* [YOUR ASSIGNMENT]
Write out an exact copy of the line containing "徐彬:中国U23男足1-2不敌韩国U23无缘决赛,把握机会能力稍逊" and all lines that follow it in the data below, leaving out pictures.

* [SOURCE MATERIAL]

------------------------------------------------------------------------

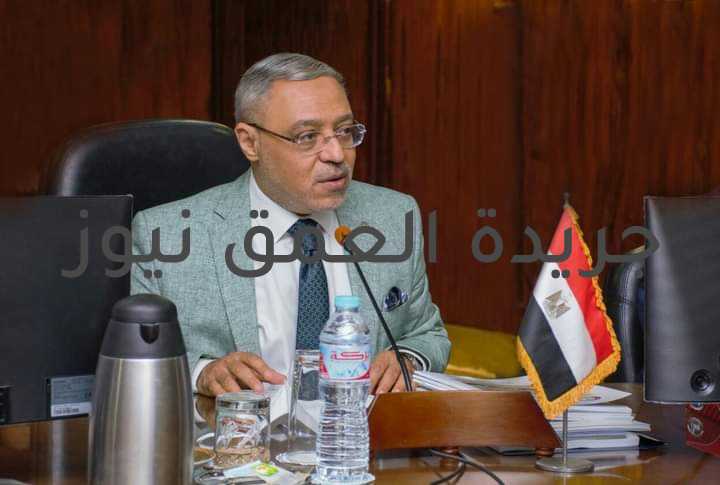 طنطا: 12 باحثًا يحصدون جائزة أفضل رسالة ماجستير و دكتوراه كتب/ ياسر صحصاح أعلن الدكتور محمود ذكي، رئيس جامعة طنطا، عن موافقة مجلس الجامعة، في جلسته الأخيرة، على اعتماد مبلغ 108 آلاف جنيه جوائز لـ 12 باحثًا حصدوا جائزة أفضل رسالة ماجستير ودكتوراه للعام الجامعى 2021/2020. و أكد رئيس جامعة طنطا أن هذه الجائزة تأتى تطبيقاً لإستراتيجية الجامعة في النهوض بالبحث العلمي وتشجيع الباحثين وبما يضمن الارتقاء بالتصنيف العالمي للجامعة. كما أوضح الدكتور كمال عكاشة نائب رئيس الجامعة للدراسات العليا والبحوث، أنه تم تخصيص جائزة قيمتها 10آلاف جنيها وشهادة تقدير لأفضل رسالة دكتوراه، و 8 آلاف جنيهًا وشهادة تقدير لأفضل رسالة ماجستير يتم توزيعها مناصفة بين الباحث وهيئة الإشراف على الرسالة. و أضاف نائب رئيس الجامعة، أن الجائزة تشمل ثلاثة قطاعات: القطاع الأول العلوم الطبية، والقطاع الثاني العلوم الإنسانية، والقطاع الثالث العلوم الأساسية والهندسية والزراعية. وقد فاز بجائزة أفضل رسالة دكتوراه سالى محمد الشيخ المدرس بقسم الكيمياء بكلية العلوم، ونانسى أحمد الشاعر المدرس بقسم هندسة الالكترونيات والاتصالات الكهربية بكلية الهندسة، وفى مجال القطاع الطبى فاز بالجائزة حسين محمد حمدى المدرس بقسم جراحة المخ والاعصاب بكلية الطب، وانجى عبد السميع الاخناوى المدرس بقسم الميكروبولوجيا الصيدلية بكلية الصيدلة، وفى مجال العلوم الإنسانية فاز مصطفى أحمد القاضى المدرس بقسم المحاسبة بكلية التجارة، وأحمد محمد قاعود الباحث بقسم القانون الجنائى بكلية الحقوق. كما فاز بجائزة أفضل رسالة ماجستير إسلام سعيد الزينى المدرس المساعد بقسم الكيمياء بكلية العلوم، وسمر سامى القفاص المدرس المساعد بقسم الكيمياء بكلية العلوم، وفى مجال القطاع الطبى فازت بها سارة محمد حمودة المدرس المساعد بقسم الكيمياء الحيوية بكلية الصيدلة، وإيمان عبد السميع محمود صيدلانية بقسم الكيمياء الحيوية بكلية الصيدلة، وفى مجال العلوم الإنسانية فازت بها لينا فاروق الجندى المدرس المساعد بقسم التاريخ بكلية الأداب، وسلوى محمد عبد الغنى باحثة بقسم المناهج وطرق التدريس بكلية التربية.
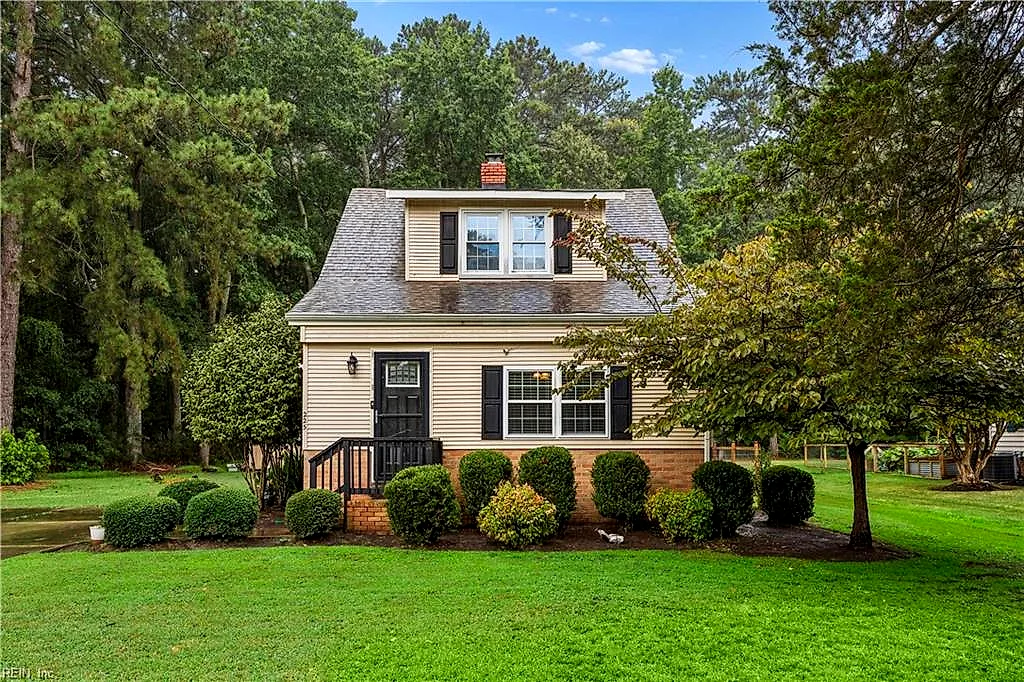 225 Hunts Neck Rd, Poquoson — photo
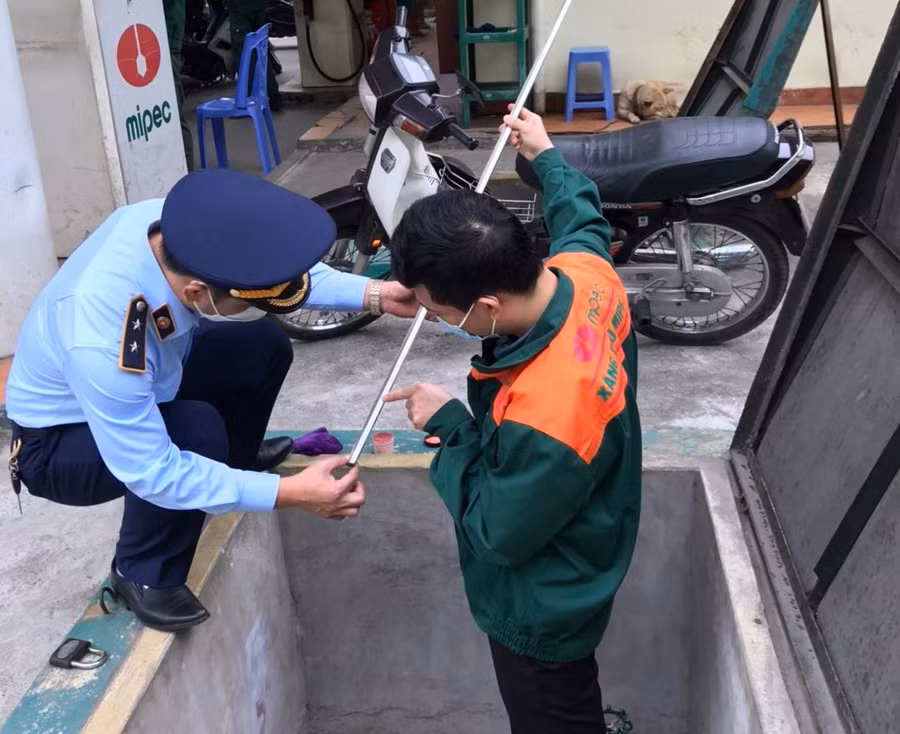 Lực lượng QLTT Hà Nội tiến hành kiểm tra một cửa hàng xăng dầu.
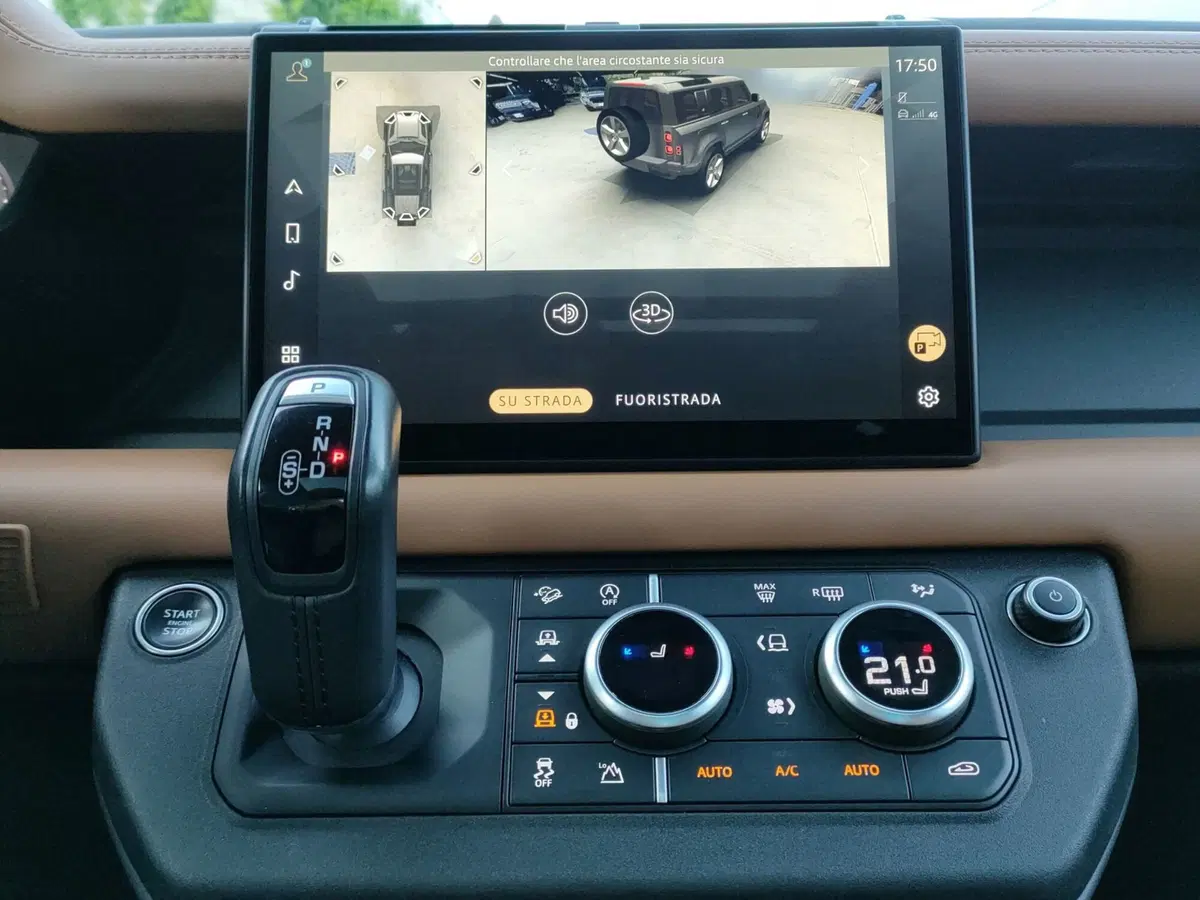 Land Rover Defender usata a Lecco (20)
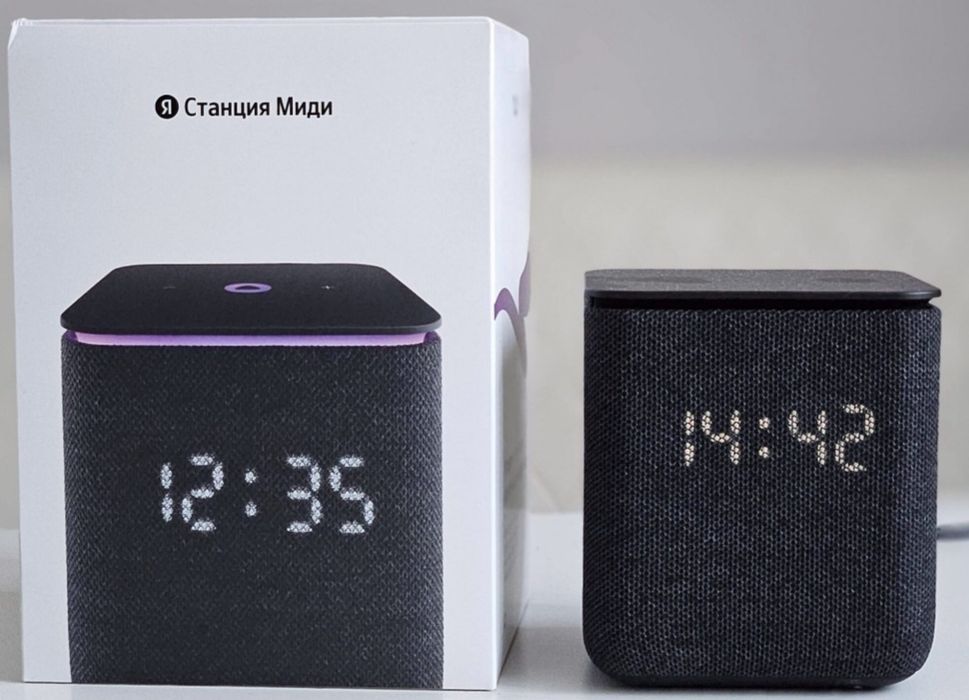 Смарт колона/ Smart speaker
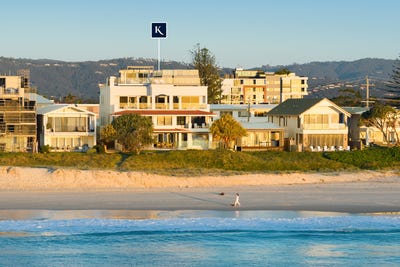 /international/au/2-51-53-hedges-avenue-mermaid-beach-qld-148455000/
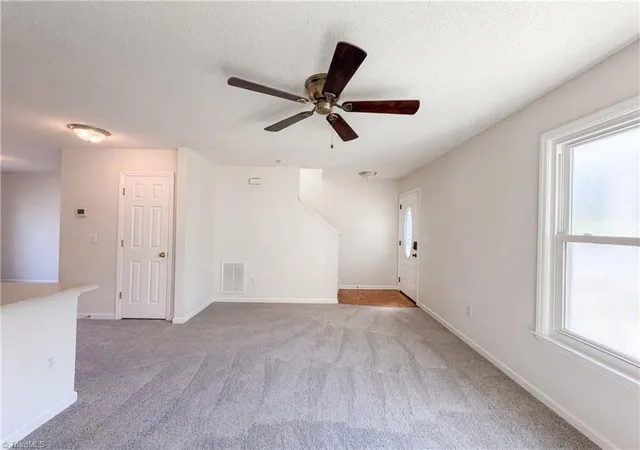 Photo 3 of Sale Pending at 889 Salem Pointe Ln, Winston Salem, NC 27101 | MLS# 1230039 | Listing updated on 2026-09-16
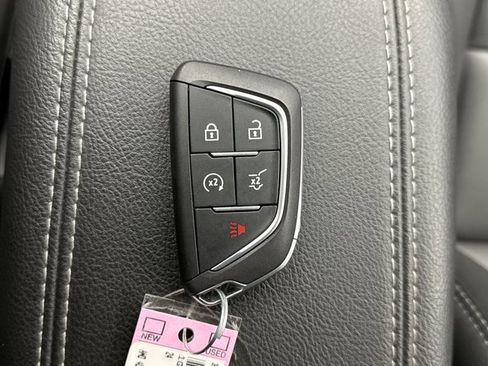 Used 2024 Cadillac XT4 Premium Luxury image 23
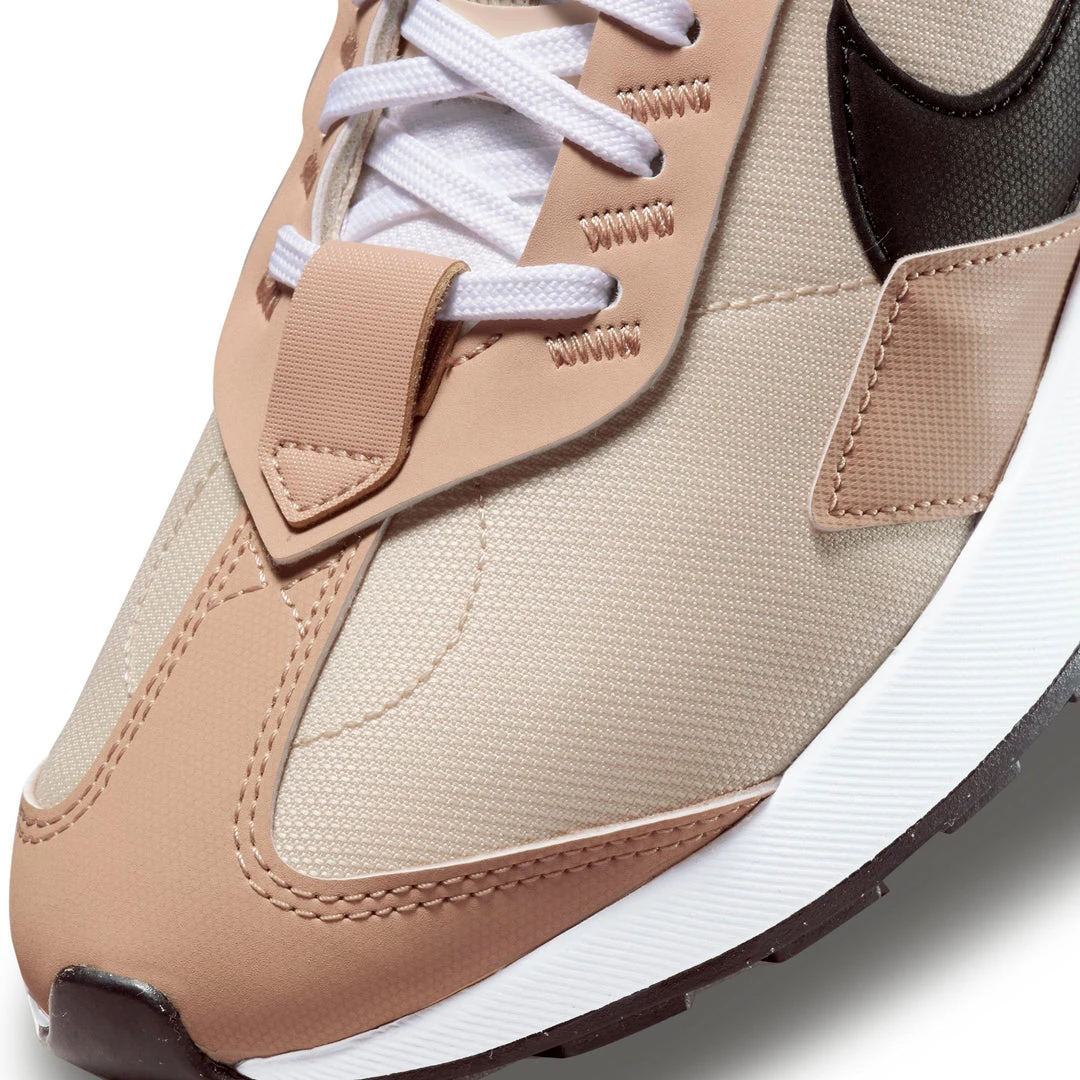 WMNS Nike Air Max Pre-Day (Oatmeal/Black-Hemp) 9 WMNS Nike Air Max Pre-Day (Oatmeal/Black-Hemp)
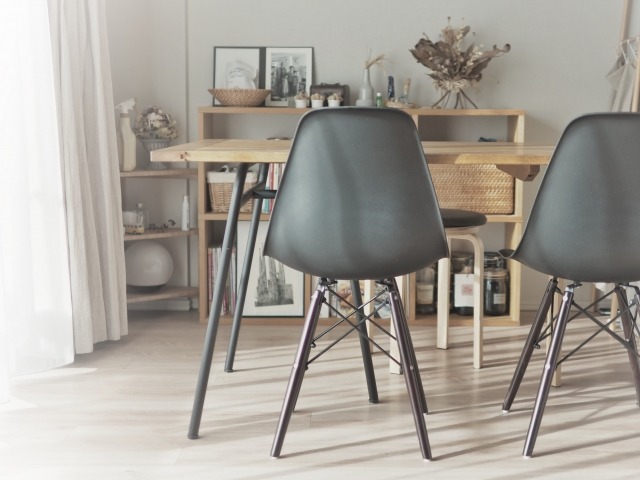 ダイニングに並ぶチェア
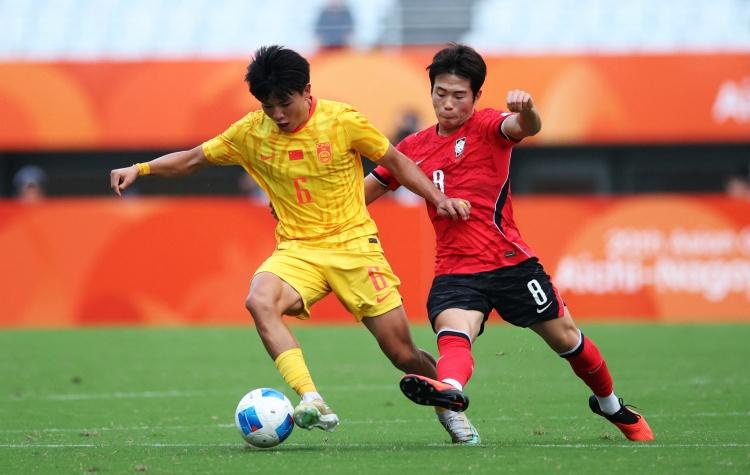 徐彬:中国U23男足1-2不敌韩国U23无缘决赛,把握机会能力稍逊
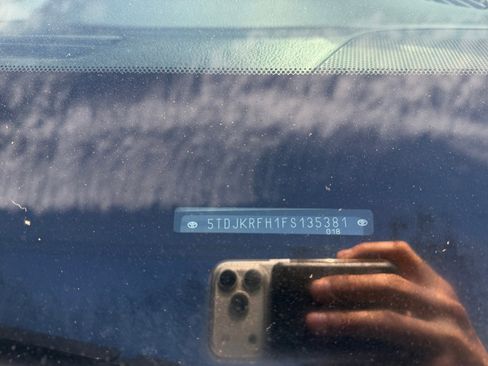 Used 2015 Toyota Highlander XLE image 25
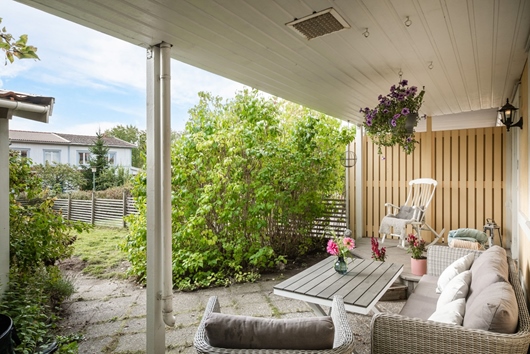 Radhus i Ösby grind, Gustavsberg, Stockholm, Värmdö, Körsbärsstigen 6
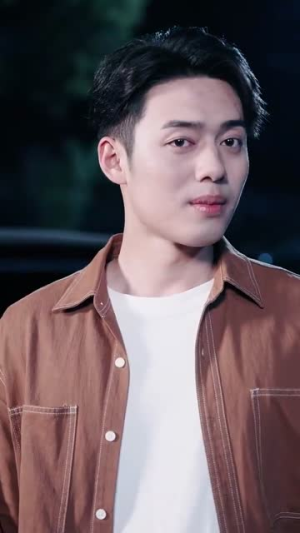 我在现代却捡到修仙功法(105集) 我在现代却捡到修仙功法(105集)女主角是谁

------------------------------------------------------------------------

* [ANSWER FOR THE TASK]
 徐彬:中国U23男足1-2不敌韩国U23无缘决赛,把握机会能力稍逊
 Used 2015 Toyota Highlander XLE image 25
 Radhus i Ösby grind, Gustavsberg, Stockholm, Värmdö, Körsbärsstigen 6
 我在现代却捡到修仙功法(105集) 我在现代却捡到修仙功法(105集)女主角是谁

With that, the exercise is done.